As I understand it, the shortened mantissa matters less because these numbers never appear alone. The total number of bits, of all the numbers in the set, provide enough precision to make fine distinctions between states of the network.
Even for regular calculations, it is unfortunate that the conventional split reserved only five bits of exponent. A single extra bit there would make it much more useful, and the loss to the mantissa would be an easy tradeoff.
It’s definitely conceptually simpler, but both conversions are a single fully-pipelined operation on any CPU made in the past 5 years, and can be folded into the arithmetic operation on custom HW. In practice the cost of conversion isn’t really an issue; the win with bfloat16 is the added dynamic range.
I'm a computational scientist. Do ML problems not deal with problems that are sensitive input precision? Is it too naive to say if they don't, does one really need ML for said problem over just plain old fitting and stats?
These are not used for data but for the computation of the internal coefficients. Said coefficients would be stored as F32:s, and the job of modifying them involves computing a lot of multiplications, none of which need to be that precise.
Conversion from Bfloat16 to f32 is just extending the mantissa with zeroes.
Basically, what they are computing is:
f32 acc = C_a0 * C_b0 + Ca1 * Cb1 + Ca2 * Cb2 ...
with very many coefficients, all of which are Bfloat16. The precision of the coefficients is not that important, but they can be of substantially different magnitude, so the coefficients can use few bits in the mantissa but the accumulator needs to be wider.
My understanding is that the optimization steps of neural networks (typically gradient descent + backpropagation) act a bit like Lloyd's algorithm. Neuron weights will push each other into place. Often, what matters is how they compare to each other, such that the error is minimized; reaching the theoretically-perfect weight is less important.
Sorry for not in topic, did Intel calculate bonuses on hn karma (more officially impact)? I see this bf16 multiple times and it like authors dying for Christmas bonus.
To me it looks like a clever optimization. Same range as FP32, but half the size and less precise and can be converted back and forth by truncating and concatenating zeros.
Google uses it on their TPUs [0]. If you're interested in how it would effect the numerical stability of an algorithm you want to use, there is a Julia package that makes prototyping linear algebra over this datatype pretty straightforward [1].

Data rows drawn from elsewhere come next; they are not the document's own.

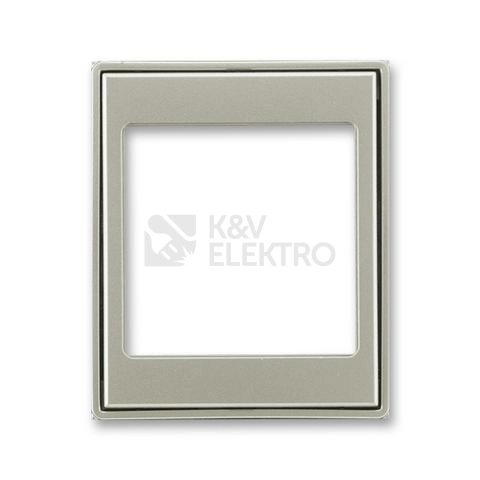 Obrázek produktu ABB Time, Time Arbo kryt LED osvětlení starostříbrná 5016E-A00070 32 0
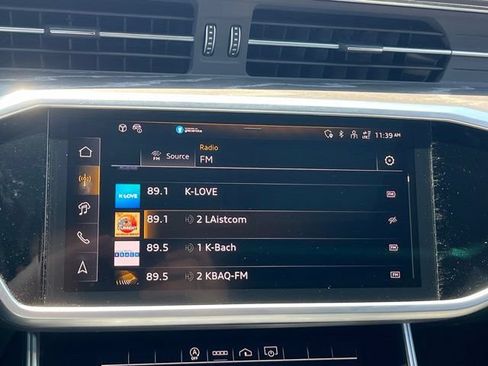 Used 2024 Audi A6 Premium Plus w/ Premium Plus Package AWD/4WD image 22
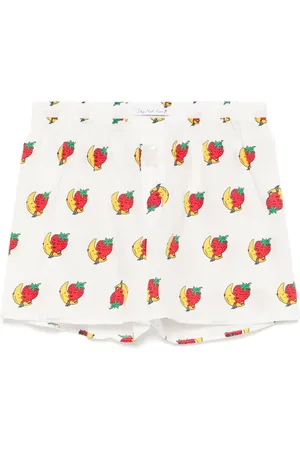 Sky High Farm Shorts im Vintage-Look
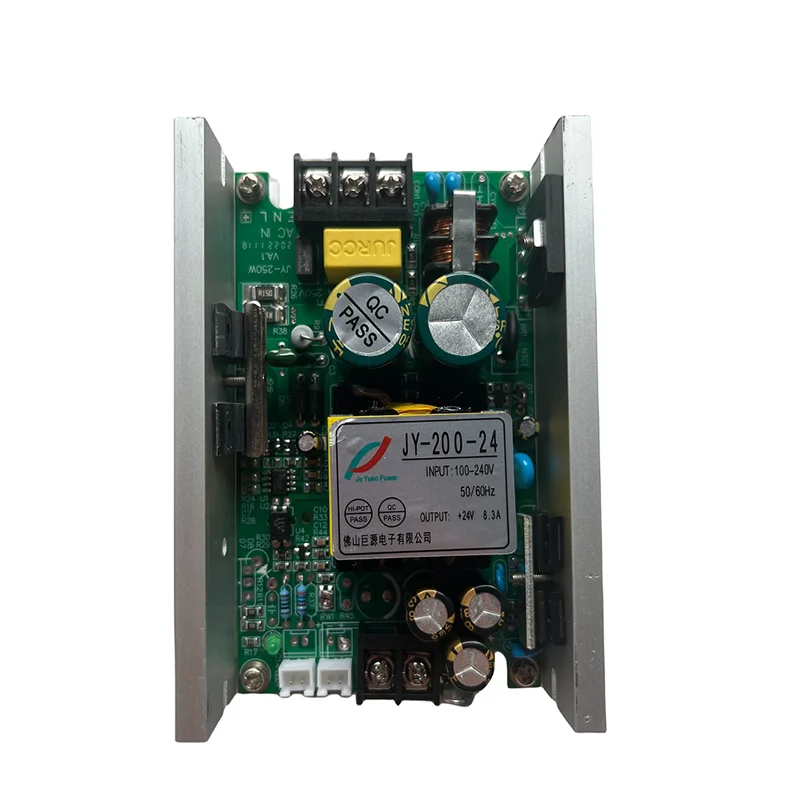 

JY-200-24 Power Supply Modular Stage DJ LED Lighting Power Kit INtput
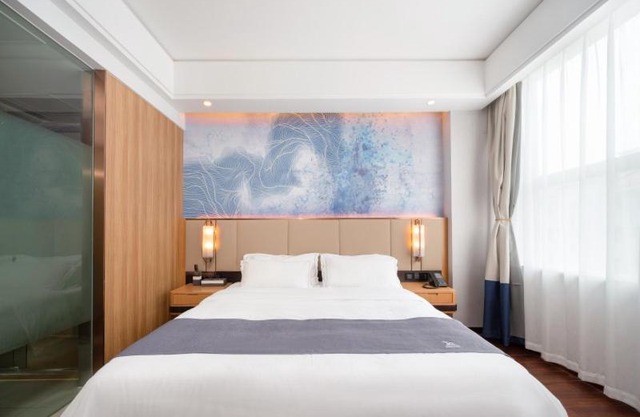 GreenTree Eastern Hotel Lihu Yuantouzhu Scenic Area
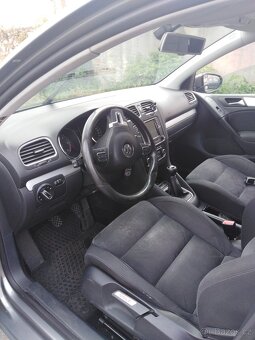 Prodám VW Golf, 1.6TDI, 77 kW. - 10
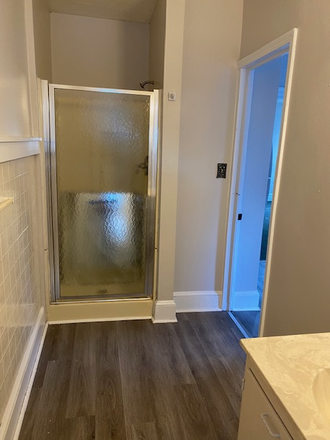 Bathroom - 513 #2 S Walnut St- Apartment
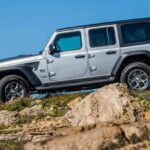 Jeep Wrangler Unlimited 2.2 CRD 4X4 Auto Freedom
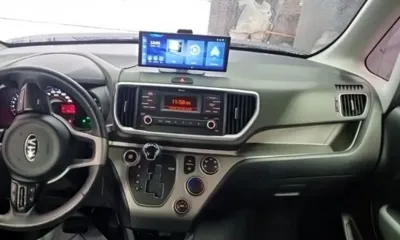 Kia Ray 2018, 84184 км, за 8500000 KRW - фото 7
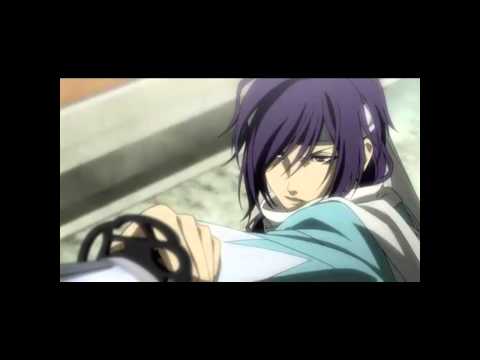 薄桜鬼アニメMAD【カルマ】音声あり.wmv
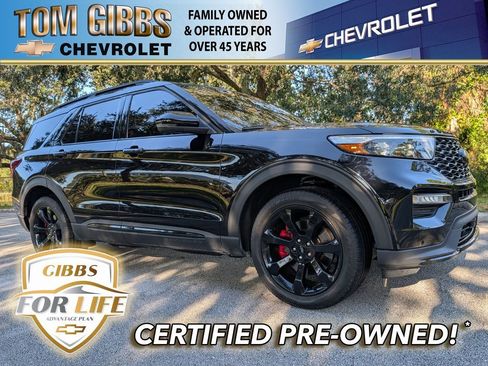 Used 2024 Ford Explorer ST w/ Equipment Group 401A image 1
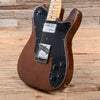 Fender Telecaster Custom Mocha 1979 Electric Guitars / Solid Body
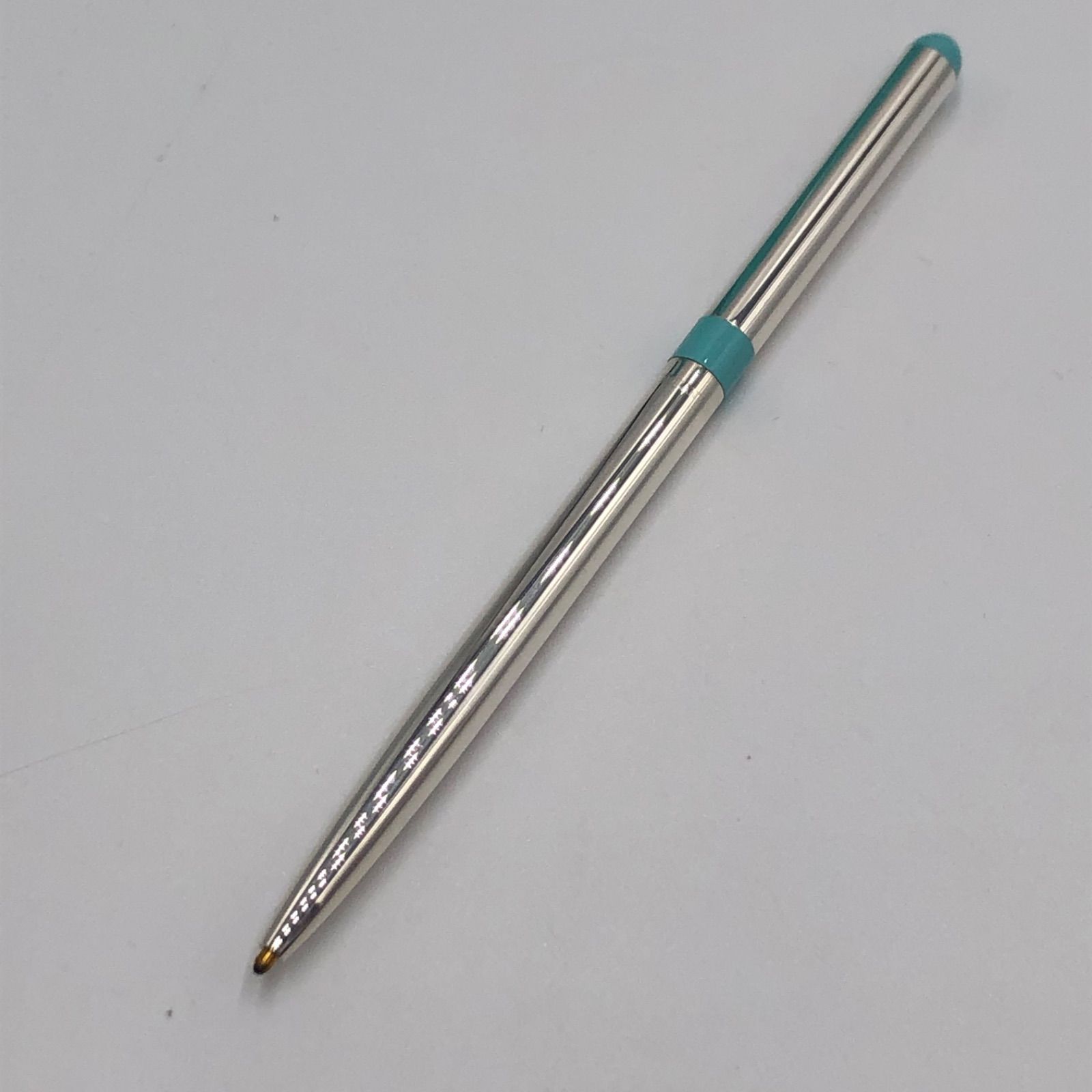 Tiffany ティファニー ハート ボールペン シルバー 925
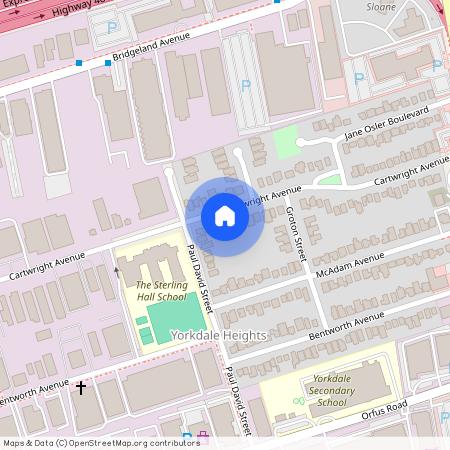 67 Cartwright Avenue, Toronto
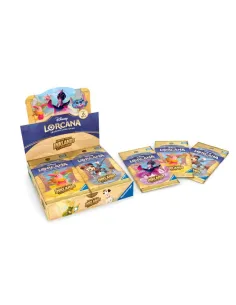 Into the Inklands – Display Lorcana Japonais Scellé (Booster Box Officielle) - Nippon TCG - Displays Japonais 2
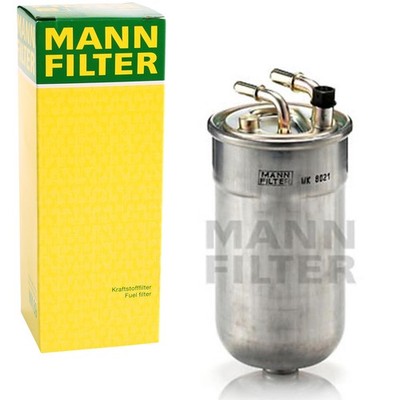 MANN KRAFTSTOFFFILTER DIESELFILTER WK8021 passend für OPEL CORSA D+E 1.3+1.7CDTI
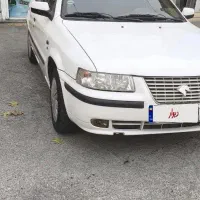 سمند ال ایکس 96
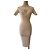 Herve Leger Kleid weiß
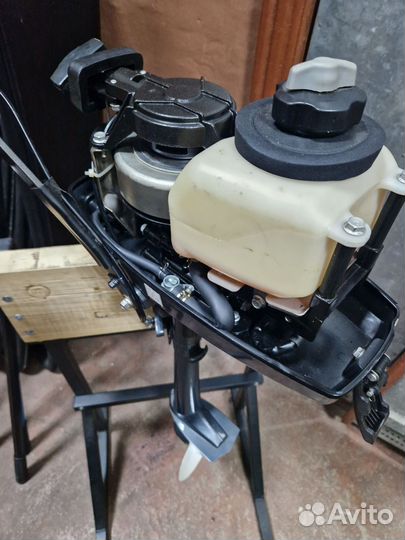 Лодочный мотор Sea Pro 2.6 л.с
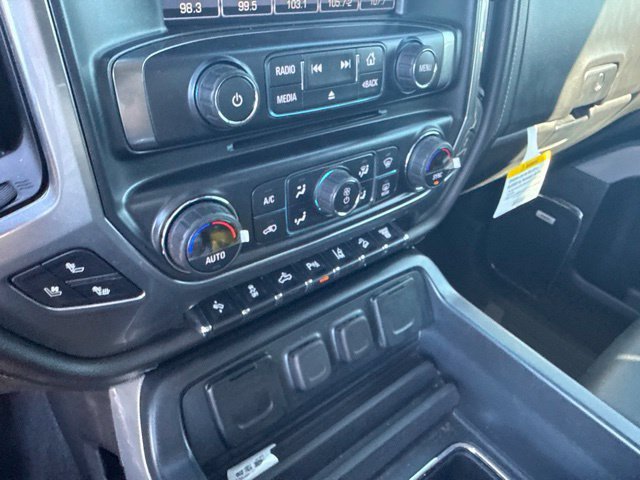 Used 2017 Chevrolet Silverado 2500 LTZ w/ Duramax Plus Package AWD/4WD image 44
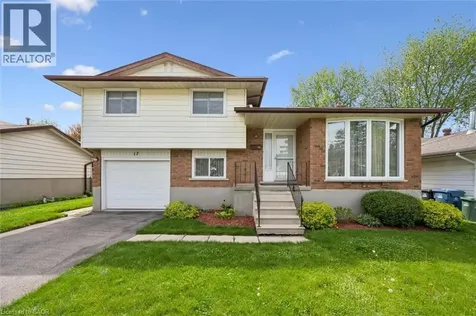 17 Glenda Court Guelph ON N1H 6V6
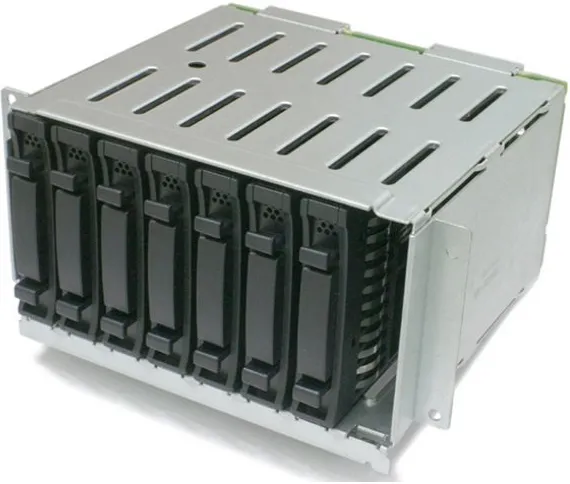 2.5 AnyBay 8-Bay Backplane Kit SR650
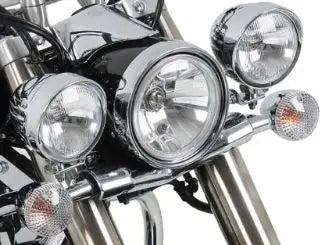 Hepco & Becker Twinlights Yamaha XVS 950 A Midnight Star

And Facebook is taking this even further. And while all these things are very cool, do not let ASIC designers claim they are barriers to entry for GPUs and CPUs. Whatever variants of this precision potpourri catch on are but a generation away from incarnation in general processors IMO...
I would be extremely surprised if the motivation for putting bfloat16 in tensorflow was not the TPU. That first public commit was ~1.5 years before TPUv2 was announced at I/O, so it was almost certainly already in development.
bfloat16 was first in DistBelief, so it actually predates TensorFlow and TPUs (I worked on both systems). IIRC the motivation was more about minimizing parameter exchange bandwidth for large-scale CPU clusters rather than minimizing memory bandwidth within accelerators, but the idea generalized.
Why is it clever to change the mantissa and exponent size? I thought the clever ones were the nervana flexpoint which seemed at least partially novel. And it's interesting Intel isn't pushing that format given nervana's asic had it.
Even for regular calculations, it is unfortunate that the conventional split reserved only five bits of exponent. A single extra bit there would make it much more useful, and the loss to the mantissa would be an easy tradeoff.